WORK ORDER: Word for word, restate the listing; omit the pictures.

DATA FOR REVIEW:

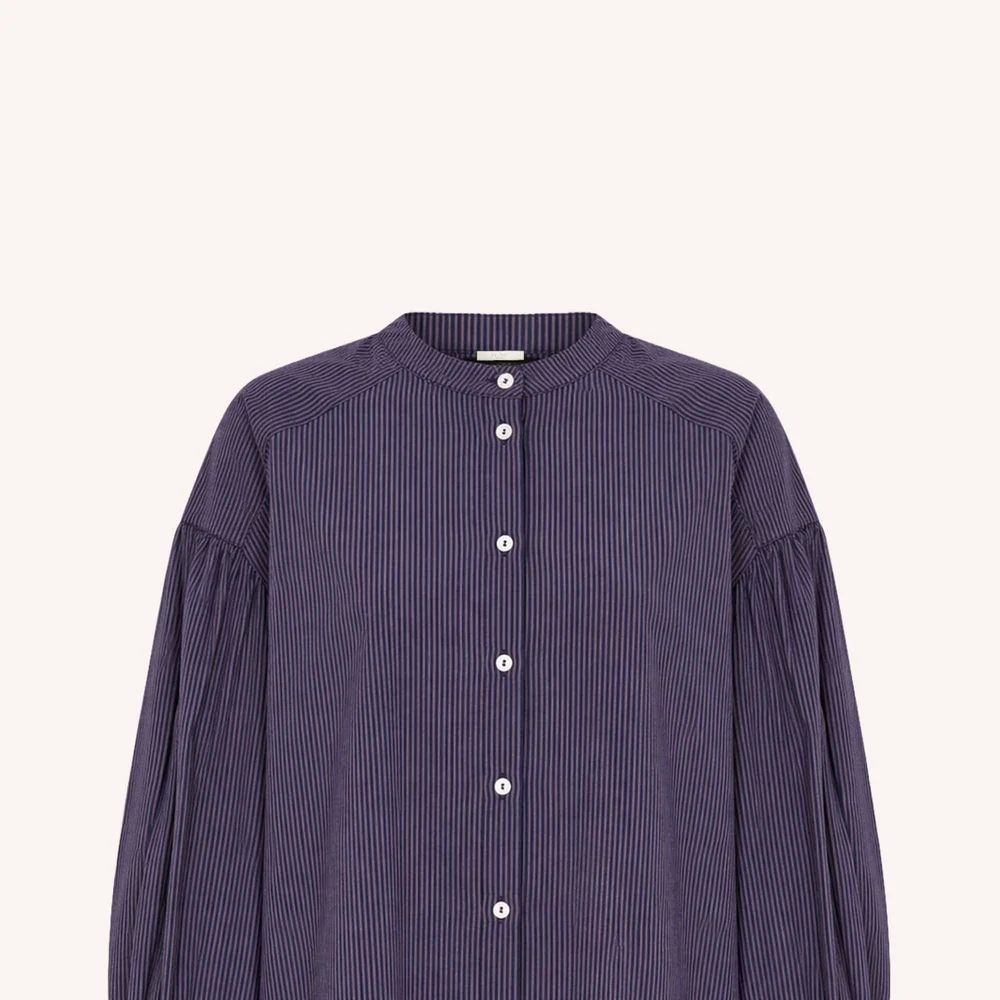 Blouse Ella - Tulsi Stripe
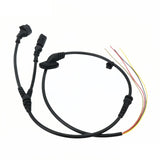 Front Left ABS Sensor Harness 5N0927903M for 2009-2016 Volkswagen Tiguan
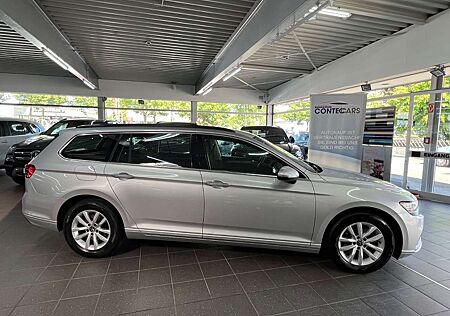 VW Passat Volkswagen Var. 2.0TDI Business AHK+Premium Navi+uvm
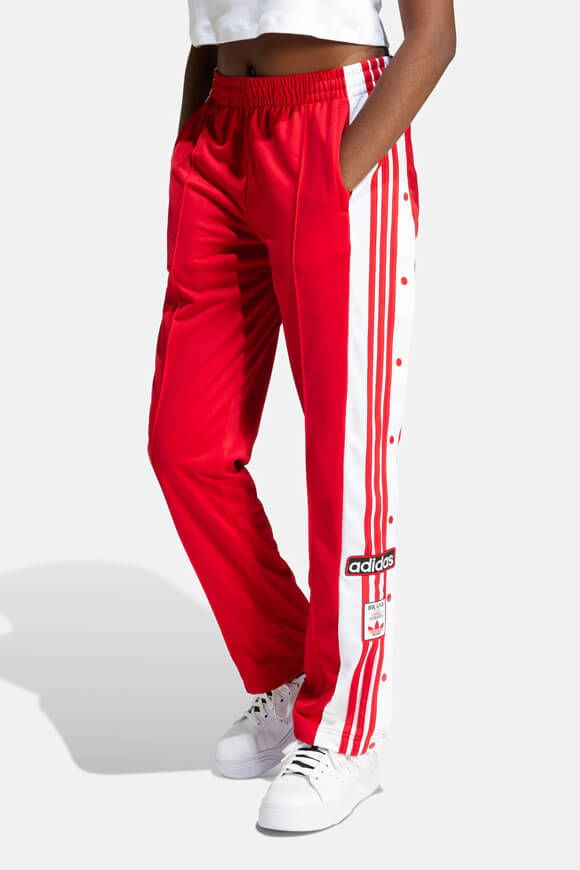 Adidas Originals Adibreak Trainingshose | Better Scarlet | Damen  | M von Adidas Originals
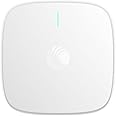 Cambium Networks XV2-2X Indoor Dual-Radio Wi-Fi 6 Access Point - 802.11ax 2x2 2.4GHz & 5GHz, Omnidirectional Antennas, 2.5 GbE Ethernet, Cloud MGMT, 1.77 Gbps Data Rate, Offices, Classrooms (US)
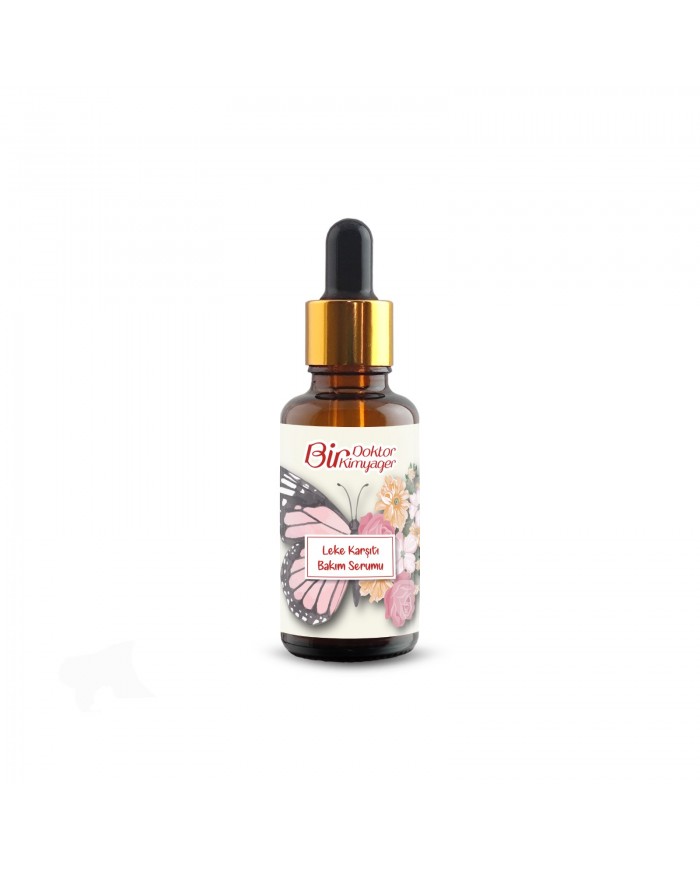 Leke Karşıtı Bakım Serumu (30 mL)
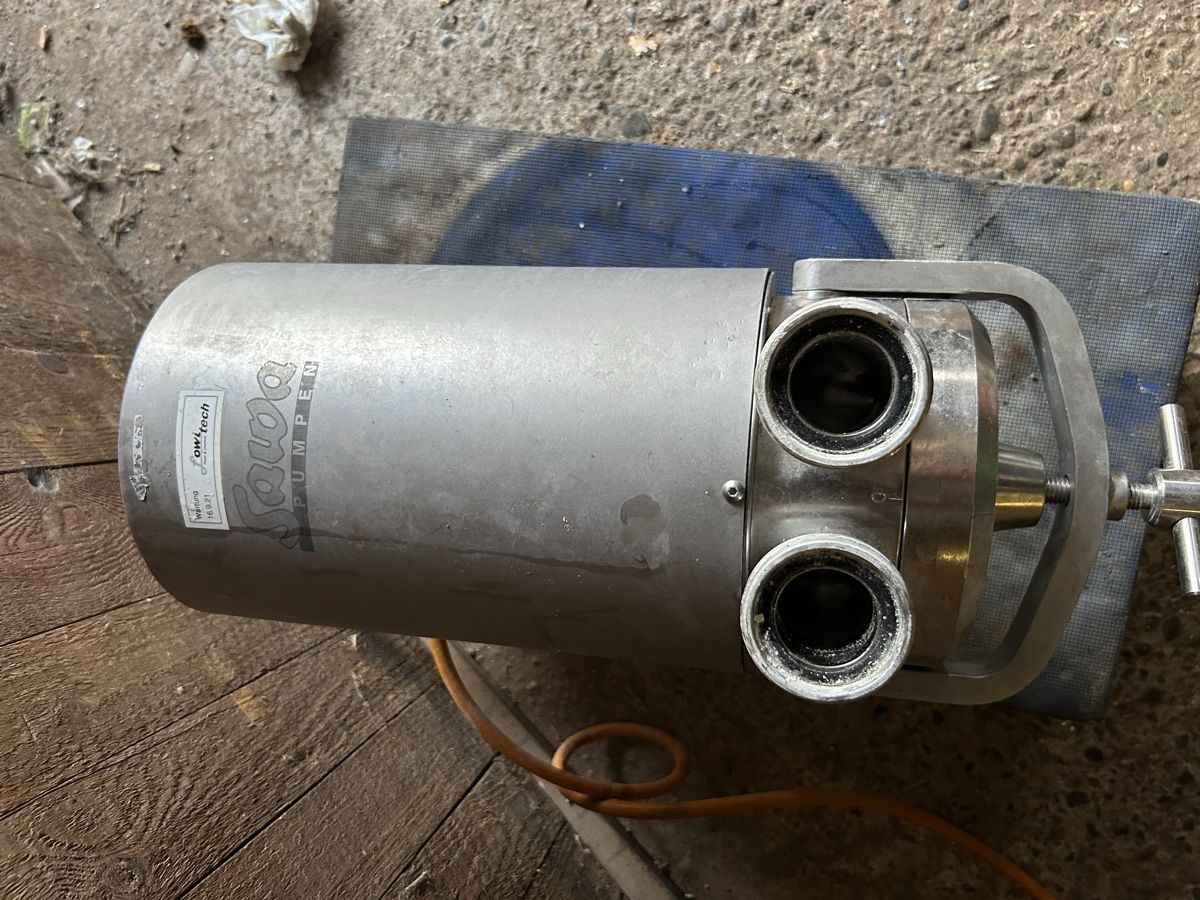 Pompes et pièces: Milchpumpe Sawa HD160 – D'occasion à kehrsatz par joco02 3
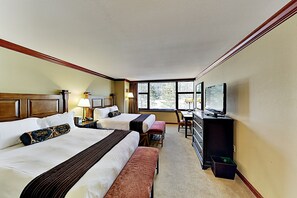 1 habitación, escritorio, wifi y ropa de cama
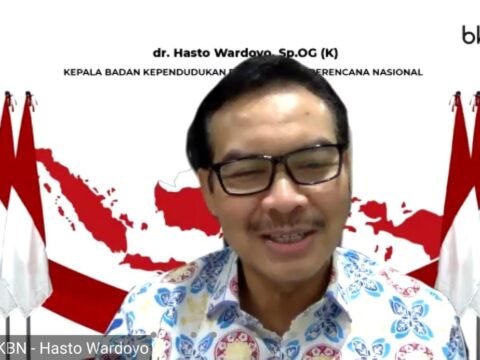 Hasto Wardoyo: BKKBN Siap Kerjasama Dengan Koalisi Relawan (Kawan) Vaksin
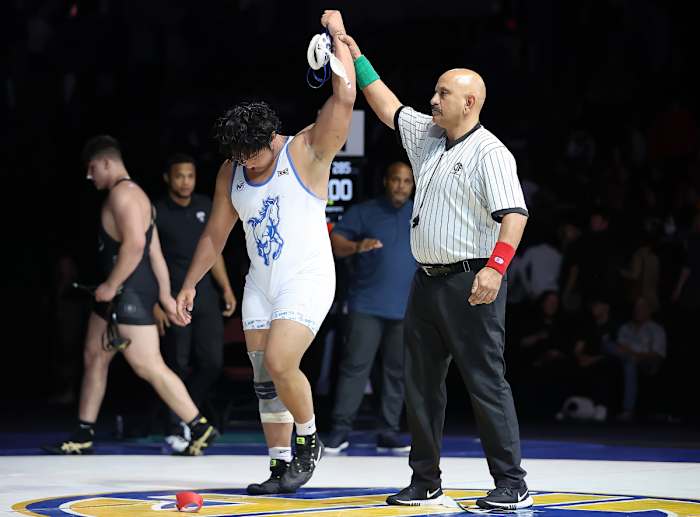 2024 CIF State Wrestling Championships Finals February 24, 2024 Photo-Joe Bergman64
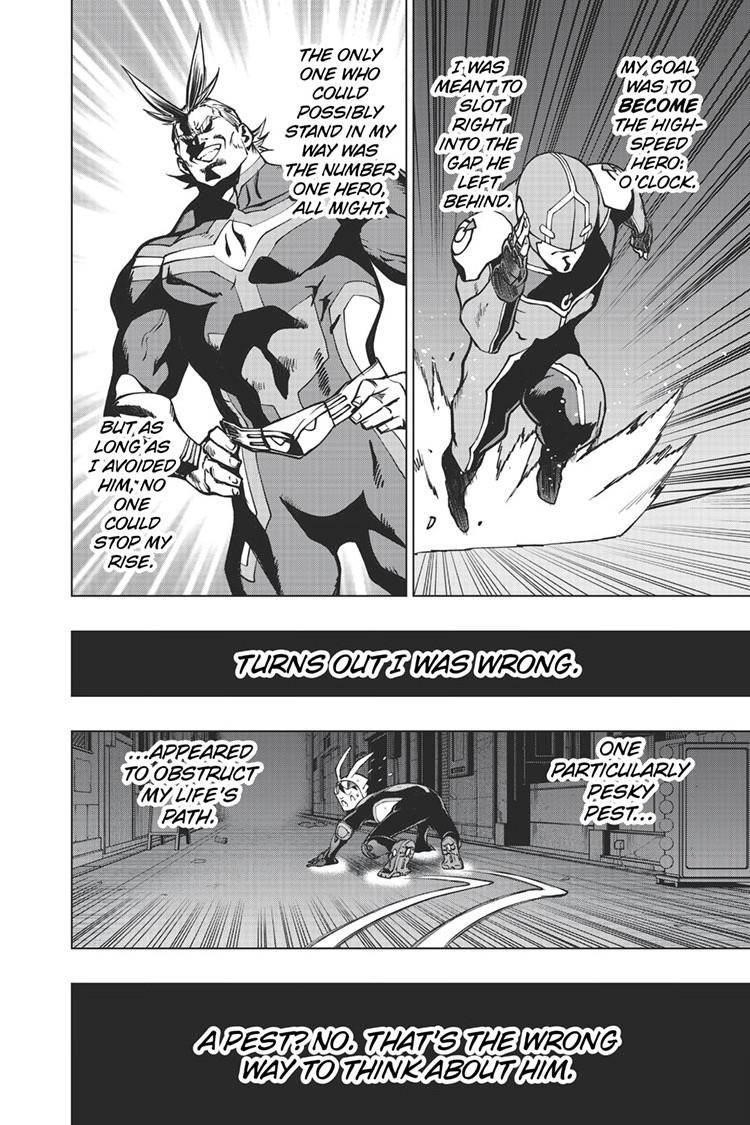 Vigilante: Boku No Hero Academia Illegals Chapter 113 - Page 2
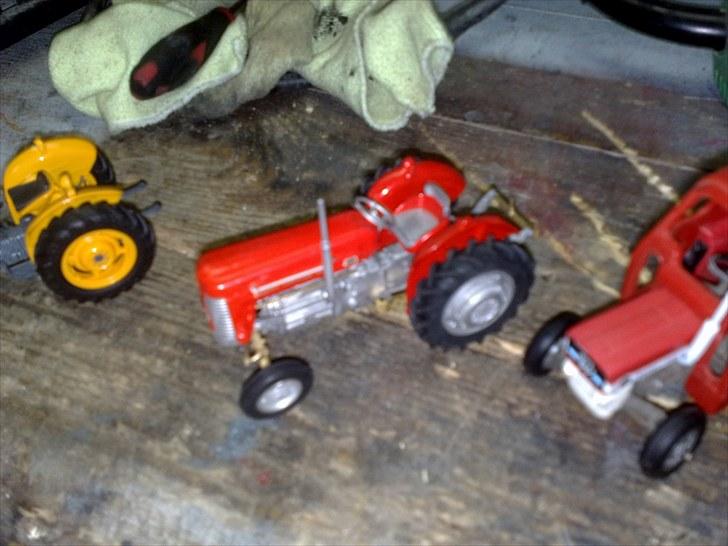 Model traktorer 1/32 billede 97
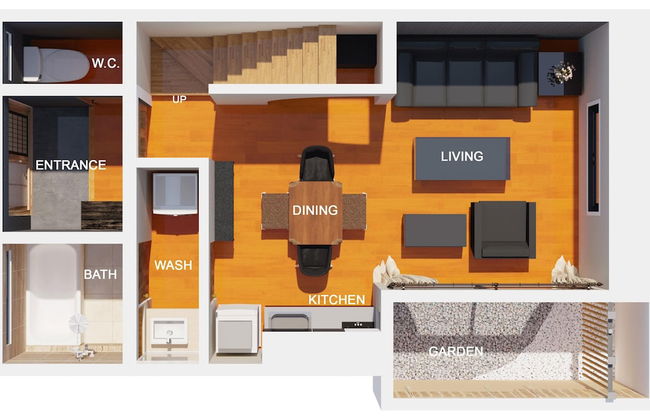 Shiki Homes HIGOYA - Foto 20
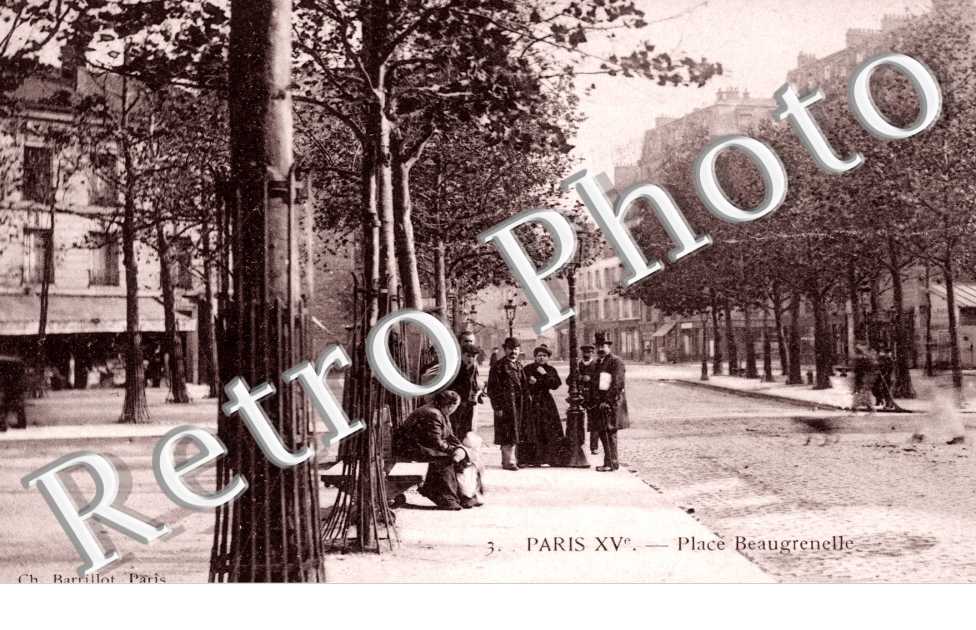Place Beaugrenelle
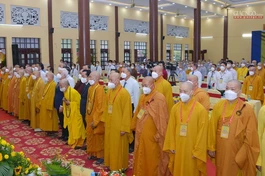 Nghi thức chào Quốc kỳ, Đạo kỳ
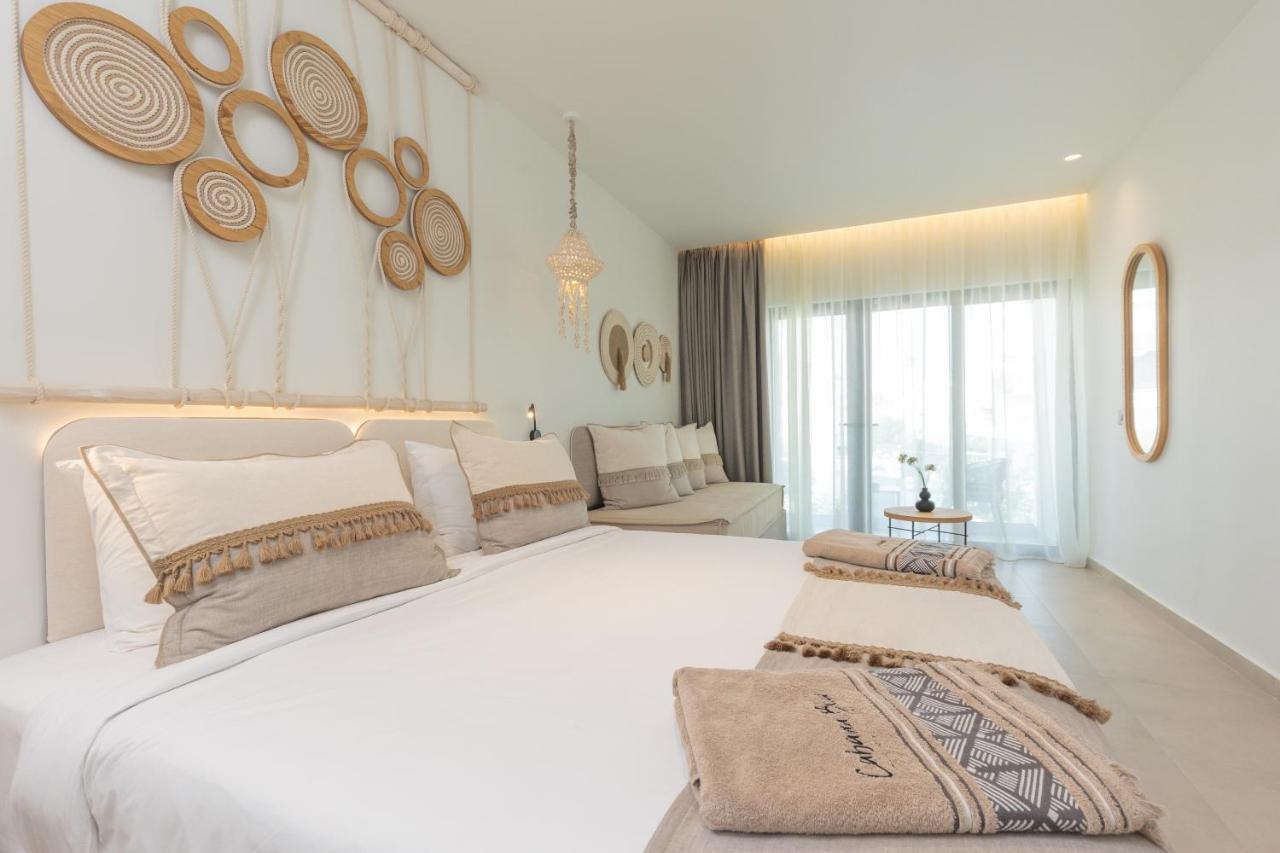 Cabana Blu Hotel & Suites Kardamena  外观 照片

OUTPUT OF THE TASK:
 Blouse Ella - Tulsi Stripe
 Front Left ABS Sensor Harness 5N0927903M for 2009-2016 Volkswagen Tiguan
 VW Passat Volkswagen Var. 2.0TDI Business AHK+Premium Navi+uvm
 Adidas Originals Adibreak Trainingshose | Better Scarlet | Damen  | M von Adidas Originals
 Cambium Networks XV2-2X Indoor Dual-Radio Wi-Fi 6 Access Point - 802.11ax 2x2 2.4GHz & 5GHz, Omnidirectional Antennas, 2.5 GbE Ethernet, Cloud MGMT, 1.77 Gbps Data Rate, Offices, Classrooms (US)
 Leke Karşıtı Bakım Serumu (30 mL)
 Pompes et pièces: Milchpumpe Sawa HD160 – D'occasion à kehrsatz par joco02 3
 1 habitación, escritorio, wifi y ropa de cama
 Hasto Wardoyo: BKKBN Siap Kerjasama Dengan Koalisi Relawan (Kawan) Vaksin
 2024 CIF State Wrestling Championships Finals February 24, 2024 Photo-Joe Bergman64
 Vigilante: Boku No Hero Academia Illegals Chapter 113 - Page 2
 Model traktorer 1/32 billede 97
 Shiki Homes HIGOYA - Foto 20
Place Beaugrenelle
 Nghi thức chào Quốc kỳ, Đạo kỳ
 Cabana Blu Hotel & Suites Kardamena  外观 照片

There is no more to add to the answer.